FIG. 4 illustrates comparative simulation results between a reference voltage of the typical BGR circuit and that of a BGR circuit according to an embodiment of the present invention. Particularly, the graph shows a degree of change in the reference voltage Vref when the temperature is about −40 degrees, and the reference voltage level changes from about 0 V to about 5 V. Taking a voltage of about 1.25 V as a reference voltage, the reference voltage Vref change in the BGR circuit according to the present embodiment is less than the reference voltage Vref change in the typical BGR circuit. Also, when the temperature changes from about −40 degrees to about 125 degrees, the reference voltage Vref decreases. At this time, a rate of change in the reference voltage Vref of the BGR circuit according to the present embodiment is lower than the rate of change in the reference voltage Vref of the typical BGR circuit. As the temperature decreases, a rate that the reference voltage Vref of the BGR circuit according to the present embodiment increases is lower than the rate that the reference voltage Vref of the typical BGR circuit increases.

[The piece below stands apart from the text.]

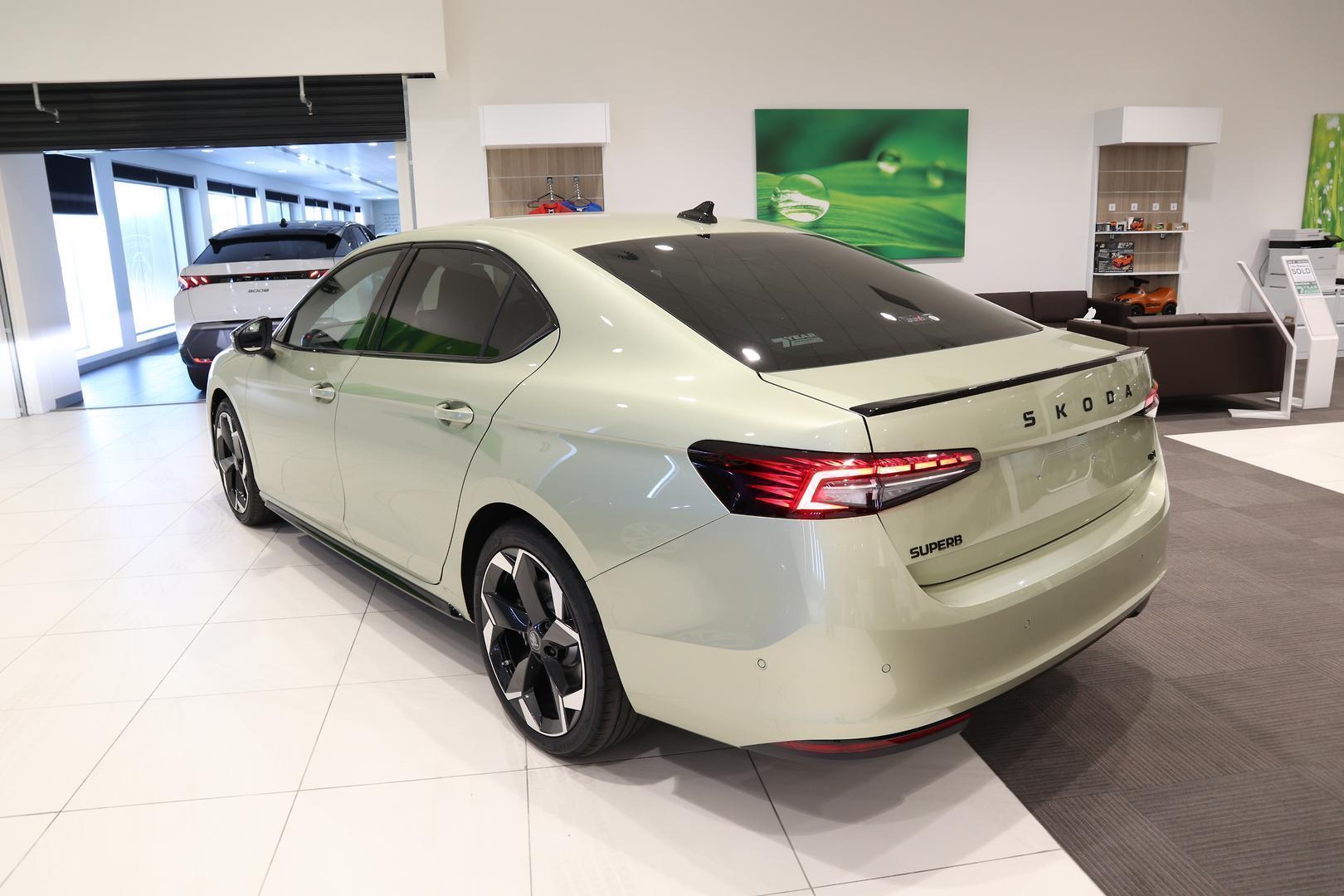 2025 SKODA Superb 195TSI Sportline — photo 4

FIG. 5 illustrates comparative simulation results on a reference voltage versus a power supply voltage according to various ranges of temperature when using the typical BGR circuit and a BGR circuit according to an embodiment of the present invention. A degree of voltage change with respect to a temperature change in the BGR circuit according to the present embodiment is less than the degree of voltage change with respect to the temperature change in the typical BGR circuit.

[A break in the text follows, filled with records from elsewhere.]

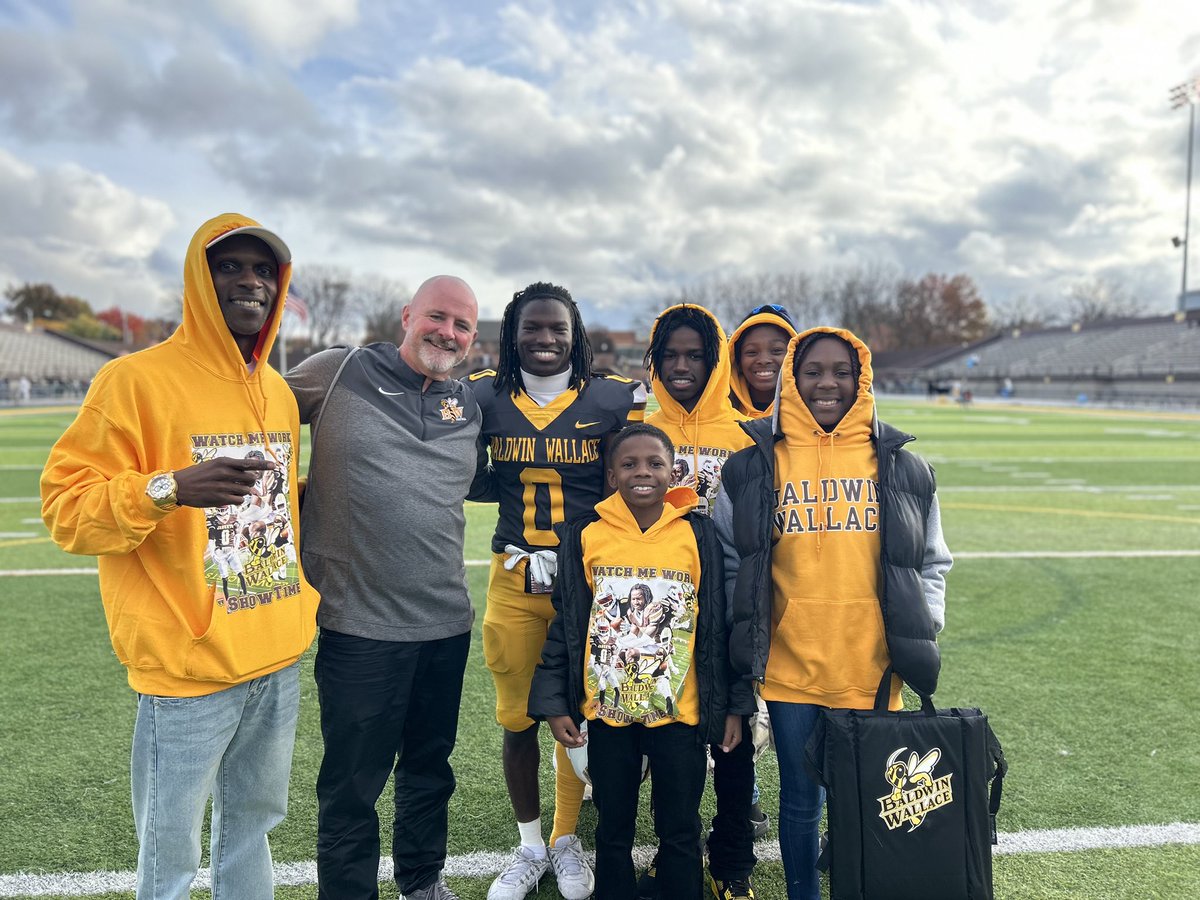 RAPLewis's tweet photo. Saturdays with the Jackets 🐝🏈

Special shout out to @9new_era9 on his first career TD

@BWYJFootball 
@BWGameDay 
@bwathletics 
@bwjacketbackers 

WinTober ✔️ https://t.co/ci9pvbn1pH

The configuration and operation based on the exemplary embodiments of the present invention allows the BGR circuit to adjust a minute voltage change, usually caused by the temperature change. Also, the operation amplifying block 200 including the variable resistor 400 can be applied to other devices in addition to the band gap reference voltage generator. Particularly, the operation amplifying block 200 can be applied to any device that uses an operational amplification signal that instructs an increase or decrease of a voltage level according to the temperature.

The present application contains subject matter related to the Korean patent application Nos. KR 2005-0091680 and KR 2005-0132642, filed in the Korean Patent Office respectively on Sep. 29, 2005, and on Dec. 28, 2005, the entire contents of which being incorporated herein by reference.

While the present invention has been described with respect to certain preferred embodiments, it will be apparent to those skilled in the art that various changes and modifications may be made without departing from the spirit and scope of the invention as defined in the following claims.